Mortgage rates held their ground today, keeping them near the lowest levels in more than 2 months. There were no major economic reports, but financial markets were highly active nonetheless. In particular, it was the worst day of the year for many major equities indices, including the S&P 500. In fact, it was the worst day of selling since late August. As we've seen on several recent occasions, the selling in stock markets proved beneficial to bond markets. When bonds (a broad term that includes mortgage-backed-securities) improve, interest rates fall.

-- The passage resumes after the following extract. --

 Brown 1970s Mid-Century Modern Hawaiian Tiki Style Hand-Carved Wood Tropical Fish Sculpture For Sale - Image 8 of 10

Stocks and bonds have an assumed relationship that doesn't always hold true. The thesis is that investors buy bonds when they sell stocks and vice versa, thus leading interest rates to move in the same direction as stocks. To be sure, there is never a guarantee that this correlation will hold true on any given day, but chances improve on these days where stocks are really getting hit hard. Today was no exception, but because it began with bond markets in weaker territory (implies higher rates), the improvement seen throughout the day was only enough to get most lenders back in line with yesterday's rates.

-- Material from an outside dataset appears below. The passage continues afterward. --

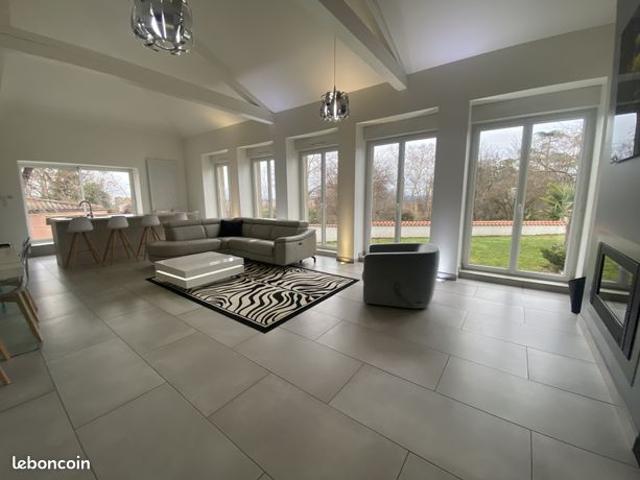 Maison 8 pièces 216 m²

Loan Originator Perspective
"The rates rally continues. Tomorrow we have our final auction of the week. Once all that supply is absorbed by the market, it is pretty common for rates to rally further. If your lender has repriced for the better today, you should consider locking in the recent gains especially if closing soon. If you can tolerate the risk, I would continue to float to find out how much further rates might rally. The markets are spooked which is good for rates and bad for stocks." -Victor Burek, Churchill Mortgage
Today's Best-Execution Rates
- 30YR FIXED - 4.00%
- FHA/VA - 3.75%
- 15 YEAR FIXED - 3.25%
- 5 YEAR ARMS - 2.75 - 3.25% depending on the lender
Ongoing Lock/Float Considerations
- In 2015 global interest rates rose unevenly from a long-term lows brought about by the onset of quantitative easing in Europe. European rates moved most (first lower, then higher), but rates in the US, including mortgage rates, are always taking some of their guidance from the global picture.
- Just as European rates were bouncing at all-time lows, the Fed began talking up its plans to hike its policy rate (Fed Funds Rate). While the Fed rate doesn't directly affect mortgages, the two are generally connected in the long run. They become more disconnected when the economy begins to contract (because Fed policy is slower to respond to changes in the economy).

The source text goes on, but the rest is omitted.